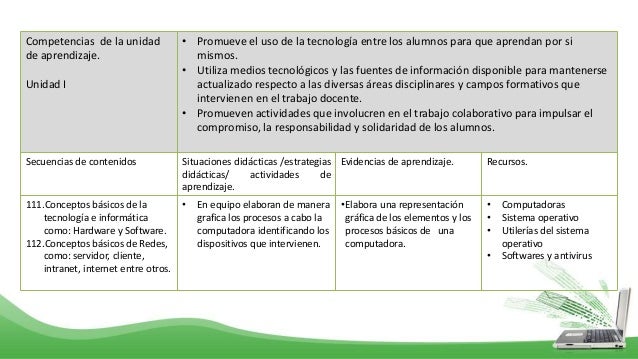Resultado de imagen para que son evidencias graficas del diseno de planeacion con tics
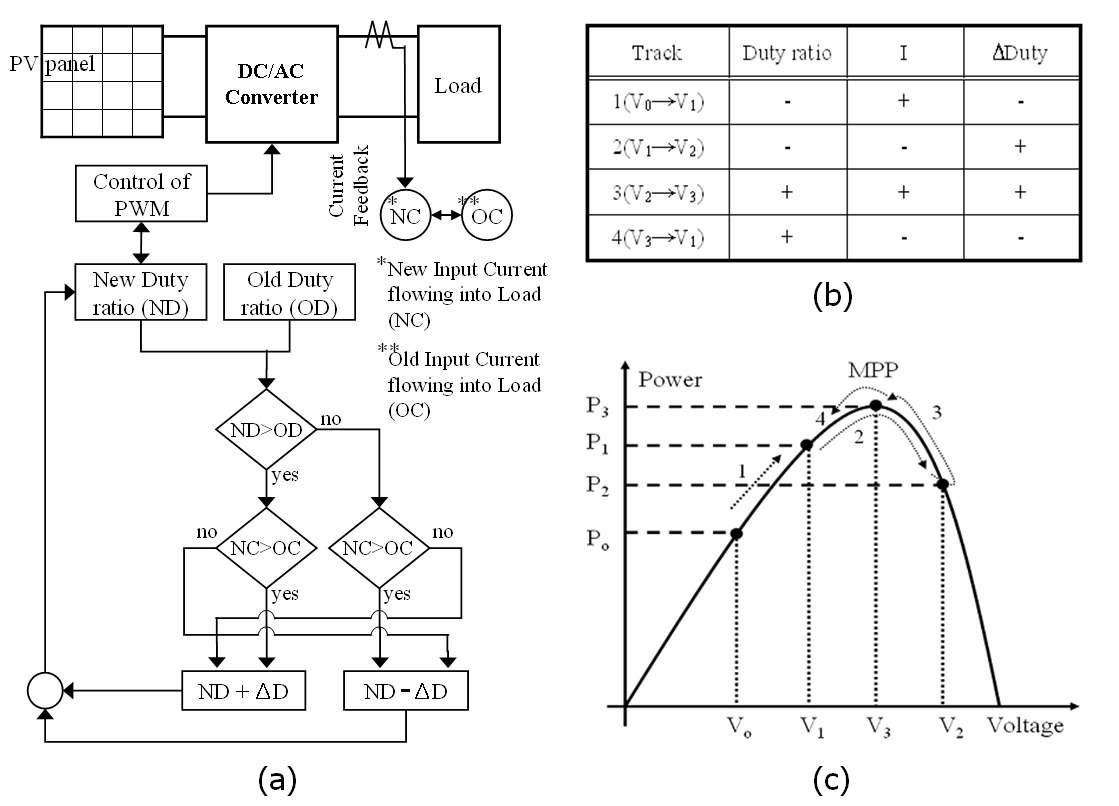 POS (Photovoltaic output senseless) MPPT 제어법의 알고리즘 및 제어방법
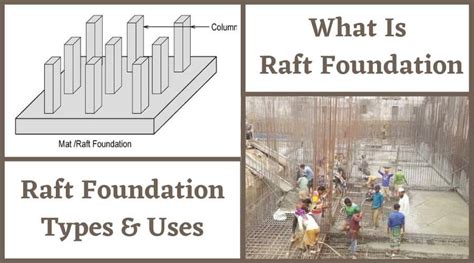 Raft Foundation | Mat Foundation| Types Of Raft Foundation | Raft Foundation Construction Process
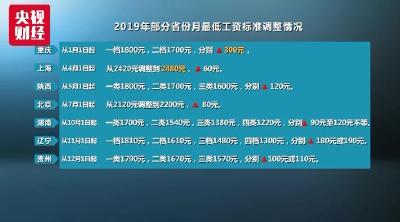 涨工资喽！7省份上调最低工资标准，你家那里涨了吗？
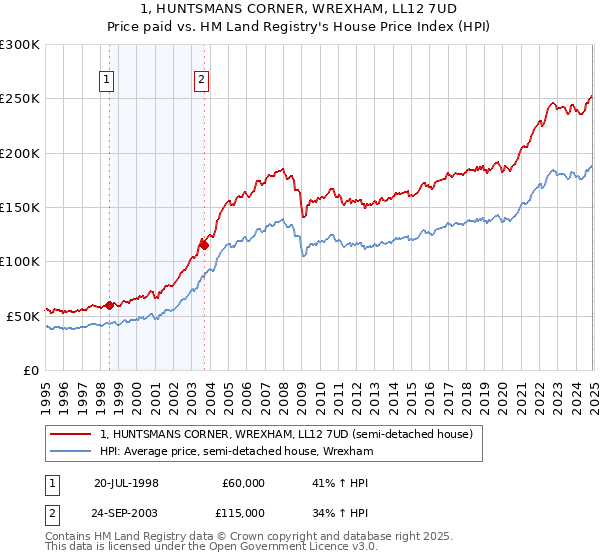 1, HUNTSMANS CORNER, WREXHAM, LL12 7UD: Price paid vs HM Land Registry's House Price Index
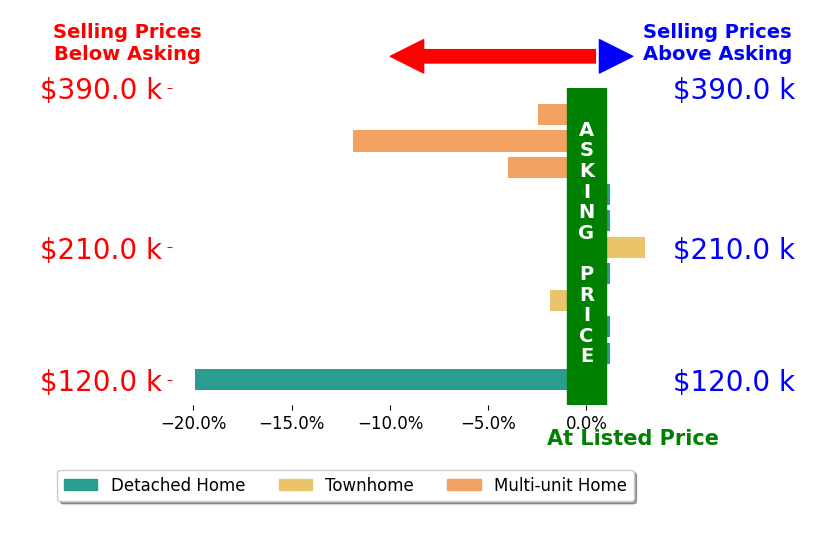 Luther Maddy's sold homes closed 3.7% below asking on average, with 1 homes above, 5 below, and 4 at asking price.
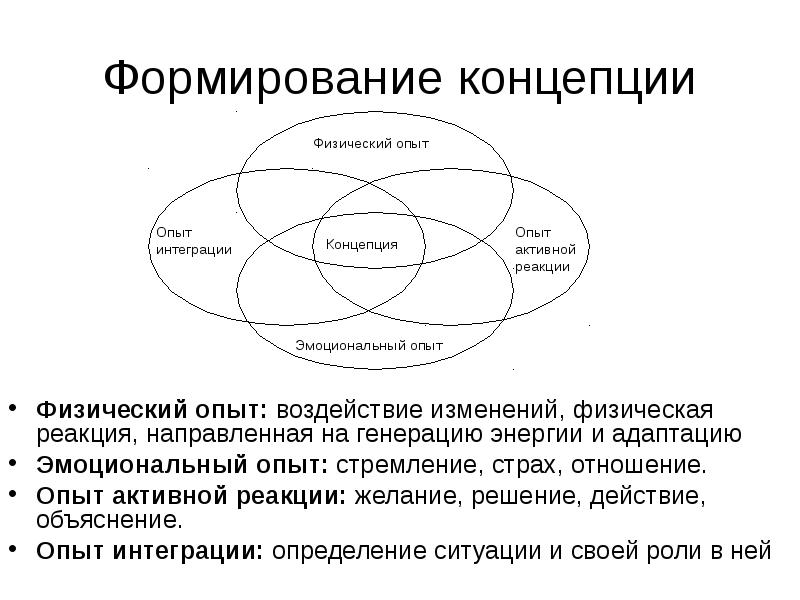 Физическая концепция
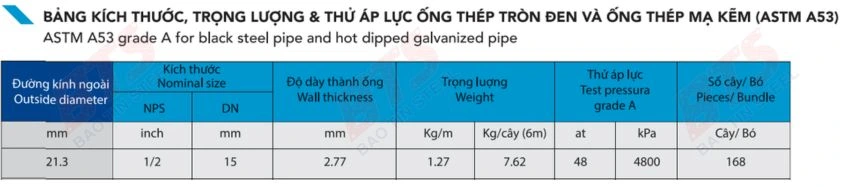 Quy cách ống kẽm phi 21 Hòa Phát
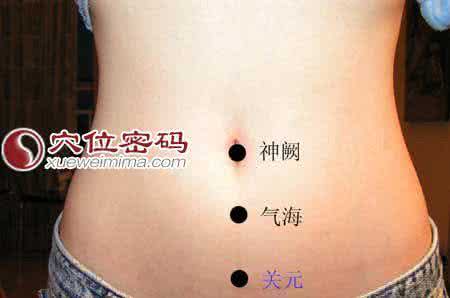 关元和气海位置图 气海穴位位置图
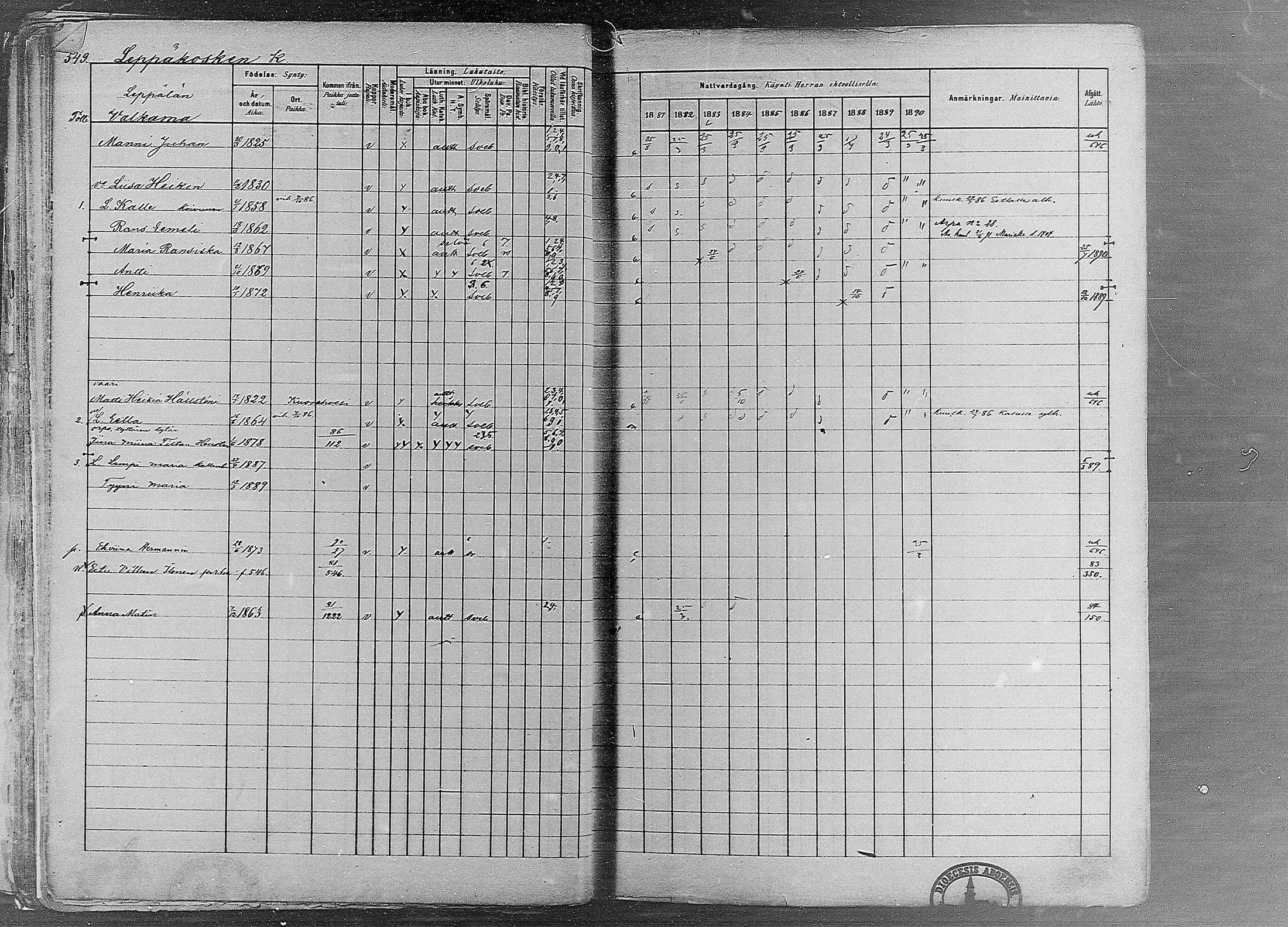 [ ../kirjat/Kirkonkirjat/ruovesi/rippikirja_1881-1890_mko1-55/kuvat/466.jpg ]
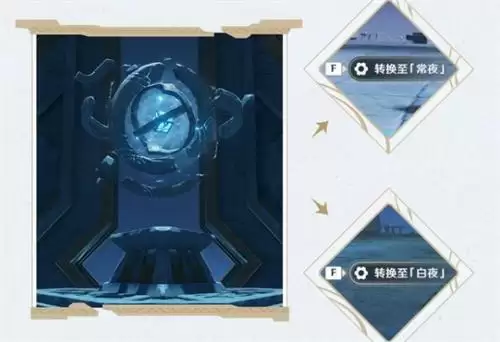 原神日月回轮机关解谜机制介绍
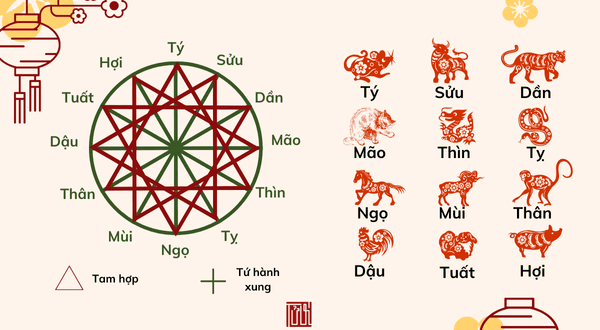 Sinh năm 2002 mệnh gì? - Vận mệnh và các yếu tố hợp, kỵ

▸ **What the exercise asks**:
Leave out the pictures and repeat exactly the lines from the first line of the data through the line containing "涨工资喽！7省份上调最低工资标准，你家那里涨了吗？". Add nothing else.

▸ **Result for this exercise**:
Resultado de imagen para que son evidencias graficas del diseno de planeacion con tics
 POS (Photovoltaic output senseless) MPPT 제어법의 알고리즘 및 제어방법
 Raft Foundation | Mat Foundation| Types Of Raft Foundation | Raft Foundation Construction Process
 涨工资喽！7省份上调最低工资标准，你家那里涨了吗？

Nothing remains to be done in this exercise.